*Instructions for the task*
Copy word for word the lines from the start of the records through the line that contains "сатива Алзамай", both included.

*Supplied data*
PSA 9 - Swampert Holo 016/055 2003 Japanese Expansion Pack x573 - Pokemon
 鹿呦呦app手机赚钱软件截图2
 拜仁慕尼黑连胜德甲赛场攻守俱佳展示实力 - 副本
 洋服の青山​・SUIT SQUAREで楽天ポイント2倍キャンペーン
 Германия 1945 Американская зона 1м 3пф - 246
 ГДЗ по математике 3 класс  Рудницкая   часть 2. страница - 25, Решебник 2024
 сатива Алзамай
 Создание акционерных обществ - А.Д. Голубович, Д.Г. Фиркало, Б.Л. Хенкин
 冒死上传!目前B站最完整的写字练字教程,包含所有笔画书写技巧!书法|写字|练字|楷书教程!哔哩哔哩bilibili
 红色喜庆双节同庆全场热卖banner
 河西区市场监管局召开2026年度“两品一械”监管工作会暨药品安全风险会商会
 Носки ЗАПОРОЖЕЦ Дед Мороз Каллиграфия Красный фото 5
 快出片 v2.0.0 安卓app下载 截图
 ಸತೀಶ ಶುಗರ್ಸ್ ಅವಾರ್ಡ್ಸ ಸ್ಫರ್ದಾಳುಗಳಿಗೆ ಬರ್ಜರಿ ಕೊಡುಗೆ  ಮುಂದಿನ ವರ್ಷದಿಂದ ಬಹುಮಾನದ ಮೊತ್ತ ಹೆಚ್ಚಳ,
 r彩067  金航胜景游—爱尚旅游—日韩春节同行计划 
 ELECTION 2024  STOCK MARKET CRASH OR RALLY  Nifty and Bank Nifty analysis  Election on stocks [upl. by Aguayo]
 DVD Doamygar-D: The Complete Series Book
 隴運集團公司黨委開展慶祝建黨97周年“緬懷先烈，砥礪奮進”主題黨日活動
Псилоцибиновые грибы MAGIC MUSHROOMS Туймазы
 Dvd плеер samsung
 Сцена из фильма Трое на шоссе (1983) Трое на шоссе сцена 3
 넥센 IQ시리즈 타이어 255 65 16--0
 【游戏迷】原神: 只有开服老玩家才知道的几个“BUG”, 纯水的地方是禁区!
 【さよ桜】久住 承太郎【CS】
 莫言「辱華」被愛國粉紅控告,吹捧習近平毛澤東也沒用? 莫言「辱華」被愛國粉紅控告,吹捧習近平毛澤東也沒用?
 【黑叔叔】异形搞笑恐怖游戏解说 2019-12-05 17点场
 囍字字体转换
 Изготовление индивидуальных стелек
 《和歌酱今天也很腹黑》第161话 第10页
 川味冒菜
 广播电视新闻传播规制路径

*Your solution*
PSA 9 - Swampert Holo 016/055 2003 Japanese Expansion Pack x573 - Pokemon
 鹿呦呦app手机赚钱软件截图2
 拜仁慕尼黑连胜德甲赛场攻守俱佳展示实力 - 副本
 洋服の青山​・SUIT SQUAREで楽天ポイント2倍キャンペーン
 Германия 1945 Американская зона 1м 3пф - 246
 ГДЗ по математике 3 класс  Рудницкая   часть 2. страница - 25, Решебник 2024
 сатива Алзамай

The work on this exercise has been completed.